WHAT THE TASK REQUIRES: Would you transcribe exactly the lines below, starting at the one that contains "Hyundai Solaris I" and ending with the last line, both included? Leave out all other lines.

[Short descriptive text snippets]
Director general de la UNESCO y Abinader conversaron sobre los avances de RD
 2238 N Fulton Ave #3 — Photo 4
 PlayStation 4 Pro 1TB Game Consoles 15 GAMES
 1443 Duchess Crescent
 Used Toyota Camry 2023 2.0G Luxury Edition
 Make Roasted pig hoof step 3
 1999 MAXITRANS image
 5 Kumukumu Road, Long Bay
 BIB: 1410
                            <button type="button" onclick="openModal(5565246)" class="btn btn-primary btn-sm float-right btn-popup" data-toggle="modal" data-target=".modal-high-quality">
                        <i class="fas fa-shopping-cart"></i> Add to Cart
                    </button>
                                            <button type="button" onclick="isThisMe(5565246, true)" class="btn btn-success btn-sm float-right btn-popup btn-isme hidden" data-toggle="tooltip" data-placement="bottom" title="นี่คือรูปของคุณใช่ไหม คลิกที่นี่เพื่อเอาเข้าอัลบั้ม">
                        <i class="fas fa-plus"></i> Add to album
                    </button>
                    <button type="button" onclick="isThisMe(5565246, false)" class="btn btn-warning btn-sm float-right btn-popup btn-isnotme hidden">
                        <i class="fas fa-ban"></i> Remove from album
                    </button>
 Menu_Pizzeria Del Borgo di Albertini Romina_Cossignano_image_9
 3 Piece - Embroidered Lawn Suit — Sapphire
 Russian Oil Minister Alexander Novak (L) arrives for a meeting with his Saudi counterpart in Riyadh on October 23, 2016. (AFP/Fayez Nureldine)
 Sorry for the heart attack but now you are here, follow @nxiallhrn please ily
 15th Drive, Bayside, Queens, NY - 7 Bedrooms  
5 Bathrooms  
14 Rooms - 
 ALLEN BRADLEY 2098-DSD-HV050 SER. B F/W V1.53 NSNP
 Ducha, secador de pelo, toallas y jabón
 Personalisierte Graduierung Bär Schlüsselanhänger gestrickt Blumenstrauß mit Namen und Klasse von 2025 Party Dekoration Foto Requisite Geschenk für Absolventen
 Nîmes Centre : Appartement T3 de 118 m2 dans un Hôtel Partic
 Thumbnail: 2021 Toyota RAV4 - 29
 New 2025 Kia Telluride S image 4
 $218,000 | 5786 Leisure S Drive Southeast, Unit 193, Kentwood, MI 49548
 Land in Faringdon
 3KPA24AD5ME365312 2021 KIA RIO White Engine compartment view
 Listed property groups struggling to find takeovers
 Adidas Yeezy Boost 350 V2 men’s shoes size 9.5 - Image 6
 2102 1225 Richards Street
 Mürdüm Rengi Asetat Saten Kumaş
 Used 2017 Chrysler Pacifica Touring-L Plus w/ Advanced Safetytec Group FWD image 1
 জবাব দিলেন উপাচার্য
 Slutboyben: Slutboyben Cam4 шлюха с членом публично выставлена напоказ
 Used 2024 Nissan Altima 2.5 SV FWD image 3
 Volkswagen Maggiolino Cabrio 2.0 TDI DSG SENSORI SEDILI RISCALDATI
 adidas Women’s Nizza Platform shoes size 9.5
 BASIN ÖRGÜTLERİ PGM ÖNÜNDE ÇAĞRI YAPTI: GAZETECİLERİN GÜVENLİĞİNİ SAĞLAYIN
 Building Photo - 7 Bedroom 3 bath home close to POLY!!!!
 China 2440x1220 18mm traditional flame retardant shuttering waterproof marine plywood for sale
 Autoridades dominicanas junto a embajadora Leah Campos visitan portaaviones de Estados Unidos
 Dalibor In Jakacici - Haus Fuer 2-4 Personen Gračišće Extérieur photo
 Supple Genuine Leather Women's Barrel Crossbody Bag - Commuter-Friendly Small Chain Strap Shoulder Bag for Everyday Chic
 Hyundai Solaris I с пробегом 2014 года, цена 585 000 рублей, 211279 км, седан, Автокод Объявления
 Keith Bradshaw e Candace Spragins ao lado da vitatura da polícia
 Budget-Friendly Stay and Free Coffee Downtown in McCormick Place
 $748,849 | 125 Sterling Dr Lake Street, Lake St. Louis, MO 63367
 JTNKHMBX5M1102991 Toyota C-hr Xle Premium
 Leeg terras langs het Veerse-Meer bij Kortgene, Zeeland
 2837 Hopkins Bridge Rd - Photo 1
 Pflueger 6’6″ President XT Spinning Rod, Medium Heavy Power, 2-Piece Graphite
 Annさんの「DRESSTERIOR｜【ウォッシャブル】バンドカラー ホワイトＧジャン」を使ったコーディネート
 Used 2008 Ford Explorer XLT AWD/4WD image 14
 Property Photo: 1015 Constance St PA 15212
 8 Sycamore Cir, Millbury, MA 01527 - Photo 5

RESULT OF THE EXERCISE:
 Hyundai Solaris I с пробегом 2014 года, цена 585 000 рублей, 211279 км, седан, Автокод Объявления
 Keith Bradshaw e Candace Spragins ao lado da vitatura da polícia
 Budget-Friendly Stay and Free Coffee Downtown in McCormick Place
 $748,849 | 125 Sterling Dr Lake Street, Lake St. Louis, MO 63367
 JTNKHMBX5M1102991 Toyota C-hr Xle Premium
 Leeg terras langs het Veerse-Meer bij Kortgene, Zeeland
 2837 Hopkins Bridge Rd - Photo 1
 Pflueger 6’6″ President XT Spinning Rod, Medium Heavy Power, 2-Piece Graphite
 Annさんの「DRESSTERIOR｜【ウォッシャブル】バンドカラー ホワイトＧジャン」を使ったコーディネート
 Used 2008 Ford Explorer XLT AWD/4WD image 14
 Property Photo: 1015 Constance St PA 15212
 8 Sycamore Cir, Millbury, MA 01527 - Photo 5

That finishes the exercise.